Und fragt nicht mein Herz, sondern einen Maßstab, der nicht von mir, sondern von anderen - die etwas für sich oder noch andere wollen - gesetzt wird.
Vom Patriarchat zum Beispiel.
Oder dem, was für Eltern gerade am wenigsten anstrengend ist (oder für Lehrerinnen oder so).
Und bezieht sich zuerst natürlich nicht auf einen erwachsenen Menschen, sondern auf ein (zu erziehendes!) Kind. Das ein gutes Kind sein muss, wenn es ein guter Mensch (später mal, noch ist es ja eh imperfekt, weil ein Kind) werden will. Auch, wenn es einfach „nur“ dazugehören und geliebt werden will.
Was für ein Konstrukt!
So ein gutes Kind ist (war, hoffe ich für alle Kinder!) lieb, freundlich, gibt nach, streitet nicht, lernt fleißig, teilt Spielsachen und Futter. Und haut natürlich keinen, sondern kümmert sich - vorzugsweise um die Kleineren, Schwächeren.
Versteckt die eigene Stärke meistens um keinen zu erschrecken oder so.
Ist eben gut.
Das ist zwar unerreichbar, doch viele, viel zu viele, Kinder versuchen es.
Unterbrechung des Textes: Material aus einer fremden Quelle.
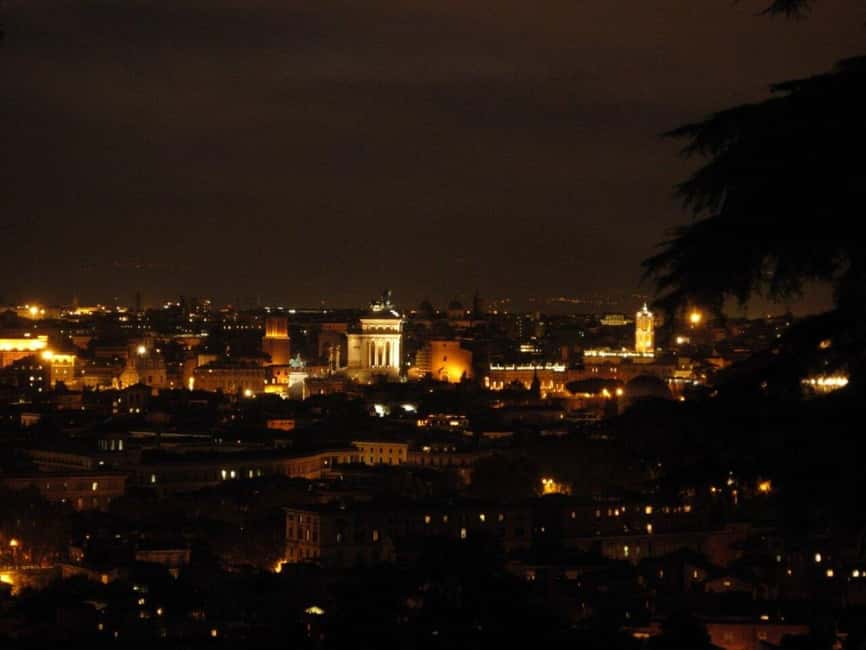 Rome After Dark: Private Luxury Night Tour by Car - What the private car changes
Verhalten sich angepasst, angepasst an das, was für die Bezugsperson - wer auch immer sie gerade ist -, gut und richtig ist.
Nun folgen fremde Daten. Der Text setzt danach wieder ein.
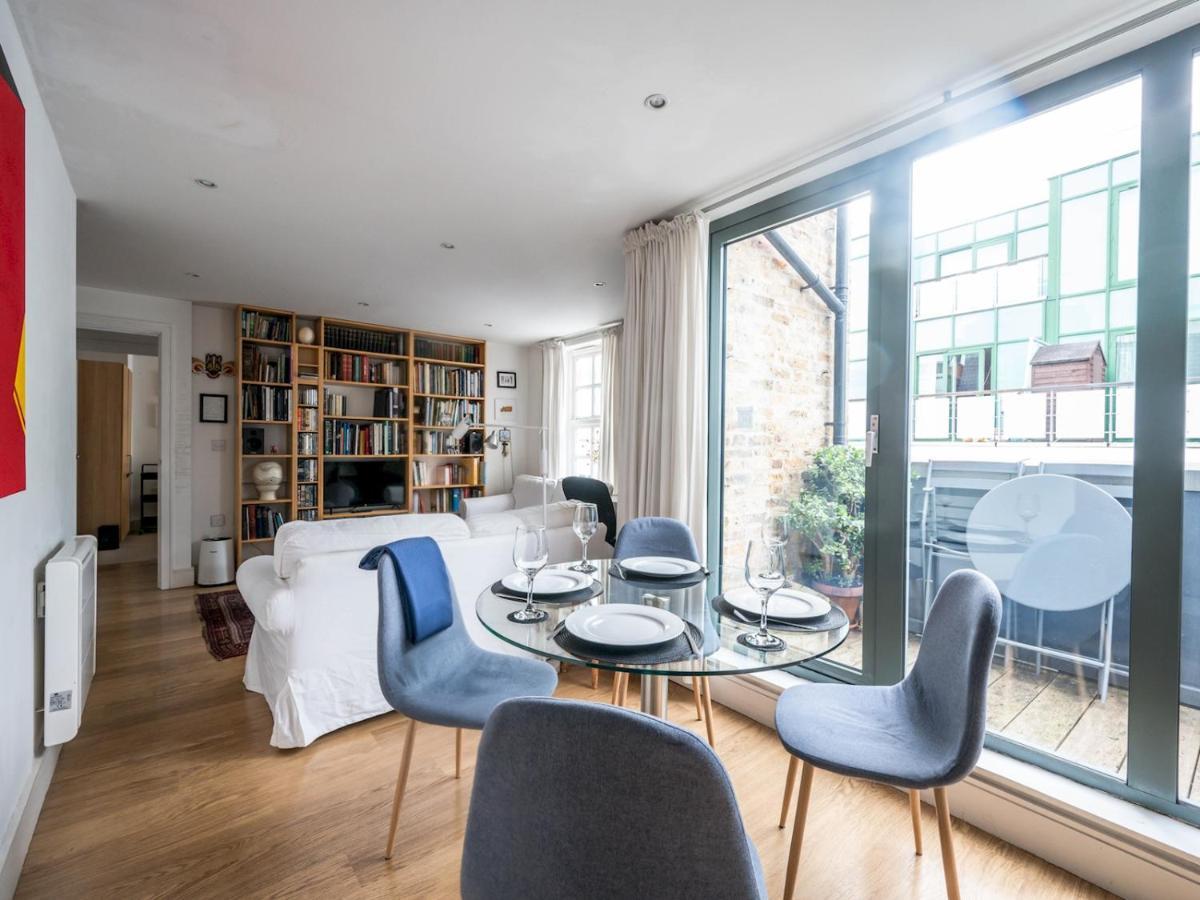 Cosy And Spacious Flat Near Bridge Londen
Manchmal muss es raten, weil das ja wechselt mit den Umständen und den Personen.
So wird das gute Kind auch einfühlsam. Außer in Bezug auf sich selbst.
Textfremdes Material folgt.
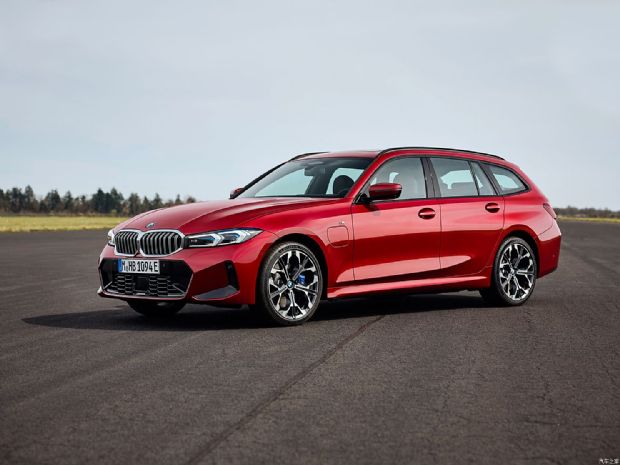 () 3ϵԴ() 2024 330e Touring M Sport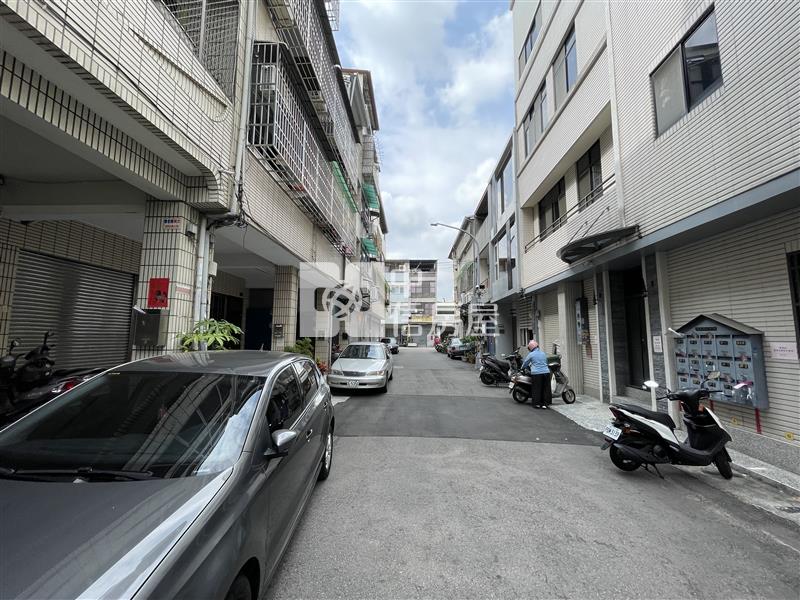 篤行路4套房房屋室內格局與周邊環境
Doch irgendwann vielleicht sehr, sehr viel später wacht das erwachsene „gute Kind“ auf und spürt, dass viele der „guten“ Entscheidungen gar nicht seine eigenen waren.
Keine Herzensentscheidungen, aus denen die Seele sprach.
Sondern eine Konditionierung, auch gespeist aus der Angst vor Liebesentzug und nicht gut sein.
Das tut weh in unterschiedlichster Hinsicht.
Sehr alter Schmerz kommt hoch, vielleicht auch über verschenkte Möglichkeiten.
Ja.
Und doch tut er gut, der Schmerz, darf gefühlt werden und verabschiedet.
Das „gute“ Kind entscheidet jetzt selbst. Nicht nach gut oder böse, das spielt keine Rolle mehr.
Denn das ist eine unsinnige Kategorie.
Eine Kategorie, die immer hinterfragt werden will danach, durch wen und zu wessen Nutzen hier ein „gut“ definiert wird.
Die Erwachsene befragt ihr Herz, wenn sie entscheidet.
Anfangs ist das gar nicht so leicht, weil so viele andere konditionierte Stimmen mitreden.
Sie lernt ein paar Techniken.
Wie fühlt es sich im Körper an?
Sie findet Freund*innen, die sie erinnern, auch hinterfragen.
Und sie lernt sich und ihr Herz besser kennen.
Sie fürchtet falsche Entscheidungen weniger, denn die gibt es nicht.
Sie lernt und übt und lebt und liebt und weint und lacht.
Und hört ihr Herz immer besser.
Und macht Schritt um Schritt in ein neues Leben.
Oder so ähnlich.
„Ich verabschiede mich davon, ein guter Mensch (eine gute Frau) zu sein“.
Ja, das ist ein einschneidender Satz. Will ich den wirklich loslassen?
Jedenfalls ist es ein Satz, den ich aller Voraussicht nach immer wieder neu loslassen muss.
Also ein Satz zum Üben. Denn: Ich bin eine Meisterin, die übt.
Auch das.
Ja. Und dann kann ich - immer wieder und immer öfter - aus freiem Herzen entscheiden … Wow!